WHAT THE EXERCISE ASKS
Please repeat the lines below, exactly and only, from the one that holds "Building Photo - 4147 W Arthington St" through the one that holds "SONY α7R III(ILCE-7RM3) SONY".

THE DATA
########

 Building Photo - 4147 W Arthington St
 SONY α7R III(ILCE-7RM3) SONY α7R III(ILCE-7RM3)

########

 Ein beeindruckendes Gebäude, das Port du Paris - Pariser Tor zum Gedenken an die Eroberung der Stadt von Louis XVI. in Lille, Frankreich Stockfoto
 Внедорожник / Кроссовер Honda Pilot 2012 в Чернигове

########

ANSWER TO THE EXERCISE
 Building Photo - 4147 W Arthington St
 SONY α7R III(ILCE-7RM3) SONY α7R III(ILCE-7RM3)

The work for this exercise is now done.